TASK STATEMENT: Your answer must be the exact lines of the listing below that run from the line with "Audi A1 30 Tfsi S Line S Tronic 2024 Grey #5" to the line with "Prodej bytu 2+kk, Praha", ends included, and no pictures.

MATERIAL PROVIDED:

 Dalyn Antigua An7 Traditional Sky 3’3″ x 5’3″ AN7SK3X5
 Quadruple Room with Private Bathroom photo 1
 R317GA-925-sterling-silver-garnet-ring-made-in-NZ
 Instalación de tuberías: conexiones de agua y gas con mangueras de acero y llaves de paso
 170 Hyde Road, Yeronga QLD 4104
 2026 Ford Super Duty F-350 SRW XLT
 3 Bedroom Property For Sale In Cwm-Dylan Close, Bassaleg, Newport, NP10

* * *

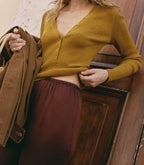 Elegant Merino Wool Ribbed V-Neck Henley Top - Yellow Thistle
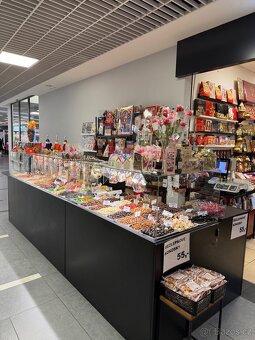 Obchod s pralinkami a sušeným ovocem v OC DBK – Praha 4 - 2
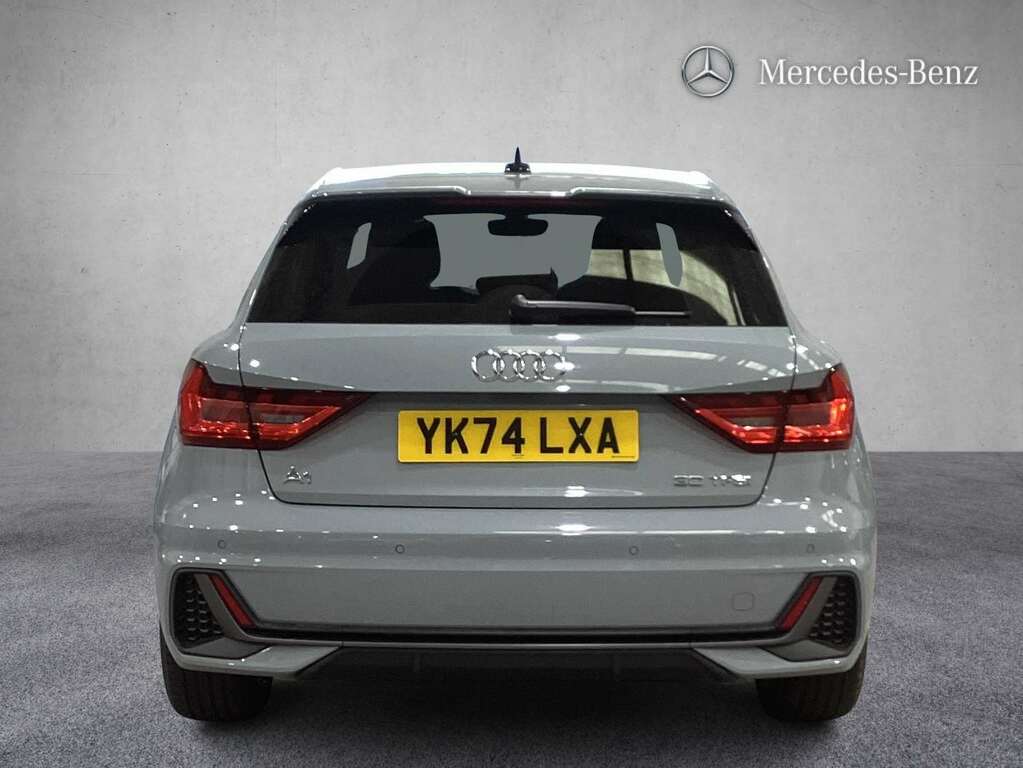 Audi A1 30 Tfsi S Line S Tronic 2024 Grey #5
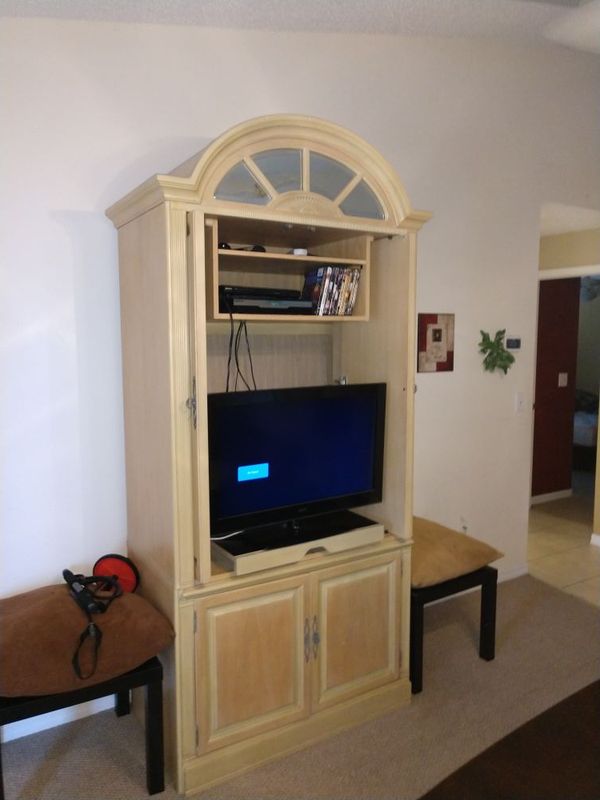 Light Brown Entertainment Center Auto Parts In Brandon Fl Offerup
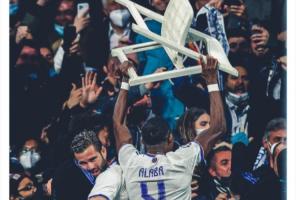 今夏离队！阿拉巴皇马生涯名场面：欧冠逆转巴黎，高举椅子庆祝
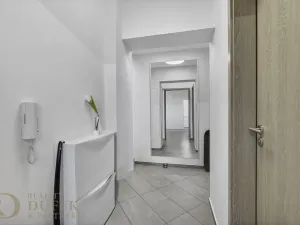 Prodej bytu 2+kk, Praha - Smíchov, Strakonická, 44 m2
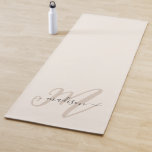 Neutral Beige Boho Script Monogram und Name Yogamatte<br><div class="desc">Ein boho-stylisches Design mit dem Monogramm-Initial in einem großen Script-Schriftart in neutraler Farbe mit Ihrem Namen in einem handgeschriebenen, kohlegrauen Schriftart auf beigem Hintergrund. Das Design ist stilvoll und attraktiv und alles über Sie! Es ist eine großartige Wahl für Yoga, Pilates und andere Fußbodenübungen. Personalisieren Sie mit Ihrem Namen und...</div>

RESULT OF THE EXERCISE:
 Audi A1 30 Tfsi S Line S Tronic 2024 Grey #5
 Light Brown Entertainment Center Auto Parts In Brandon Fl Offerup
 今夏离队！阿拉巴皇马生涯名场面：欧冠逆转巴黎，高举椅子庆祝
 Prodej bytu 2+kk, Praha - Smíchov, Strakonická, 44 m2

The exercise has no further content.